* **PROMPT**
Reproduce the entries verbatim; no pictures.

◇ ◇ ◇

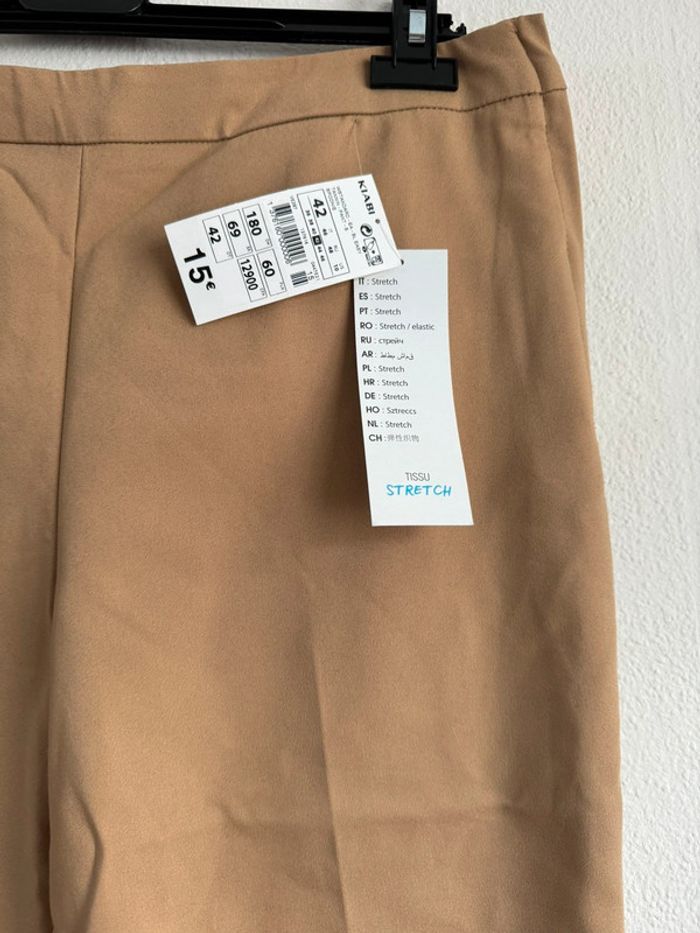 Pantalon 7/8 taille 42 neuf - photo numéro 5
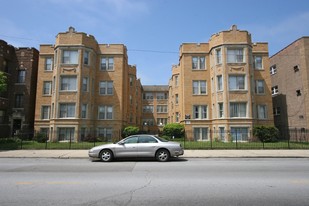 7722-7732 S Jeffery Blvd in Chicago, IL - Building Photo - Building Photo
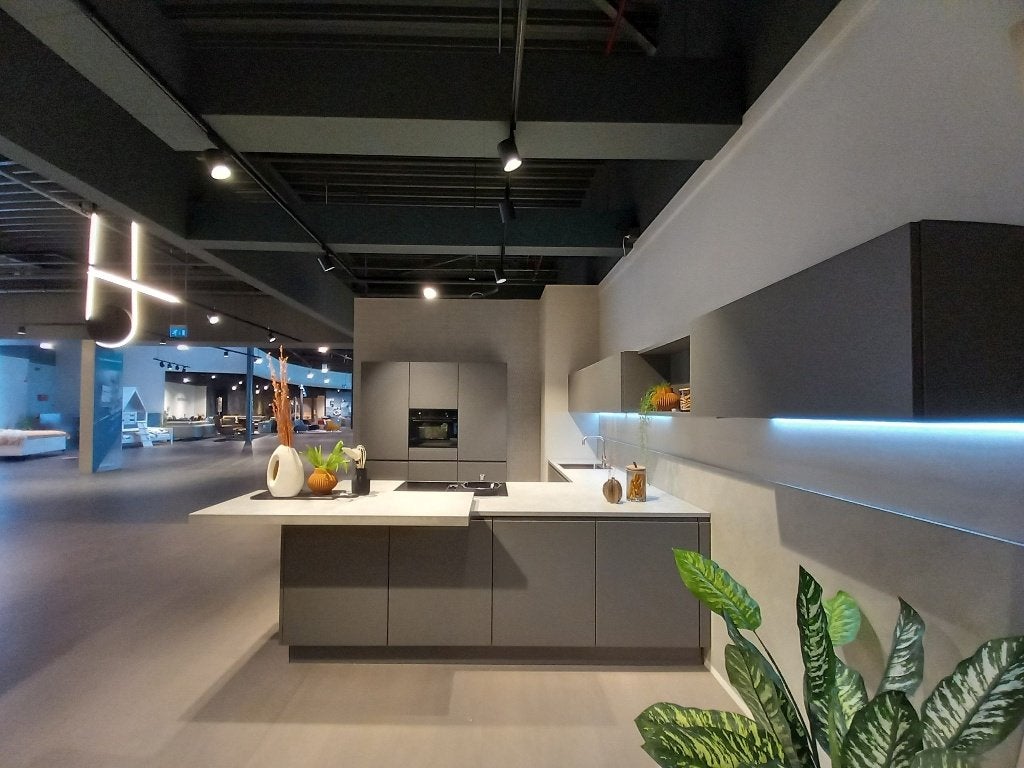 Nolte Showroom keuken met schiereiland KB04, Huis en Inrichting, Keuken | Complete keukens, Ophalen, Overige typen, Zo goed als nieuw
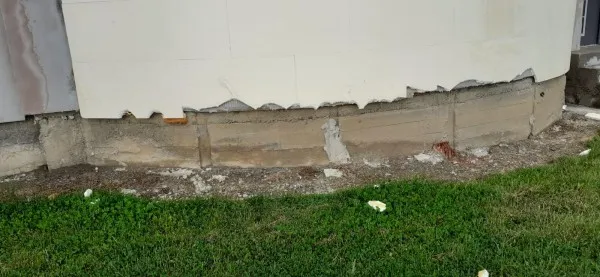 Noua biserică de la Hălmeag a fost vandalizată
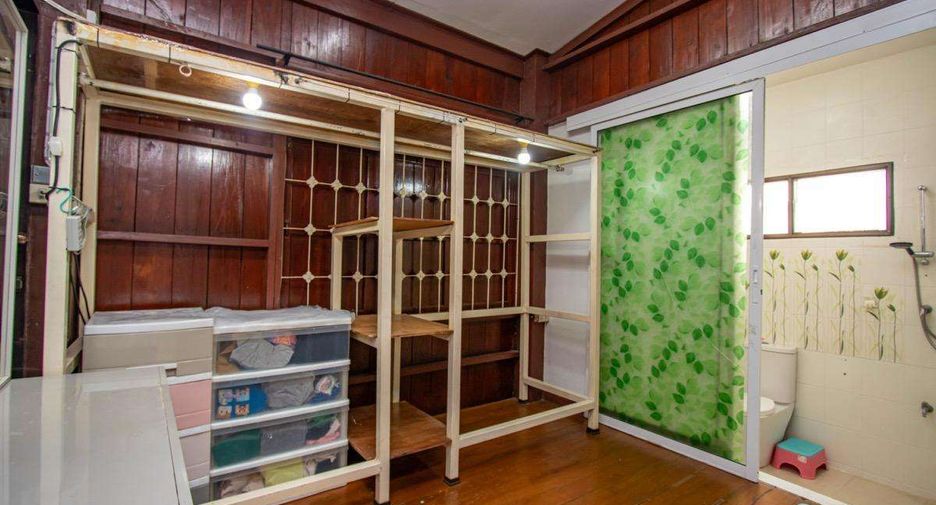 For rent 3 bedrooms house in Mueang Chiang Mai, Chiang Mai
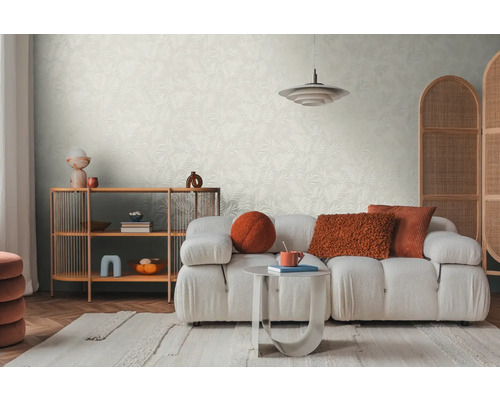 Svetlá obývacia izba so vzorovanou tapetou, pohovkou, kobercom a drevenou policou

◇ ◇ ◇

* **RESPONSE BOX**
 Pantalon 7/8 taille 42 neuf - photo numéro 5
 7722-7732 S Jeffery Blvd in Chicago, IL - Building Photo - Building Photo
 Nolte Showroom keuken met schiereiland KB04, Huis en Inrichting, Keuken | Complete keukens, Ophalen, Overige typen, Zo goed als nieuw
 Noua biserică de la Hălmeag a fost vandalizată
 For rent 3 bedrooms house in Mueang Chiang Mai, Chiang Mai
 Svetlá obývacia izba so vzorovanou tapetou, pohovkou, kobercom a drevenou policou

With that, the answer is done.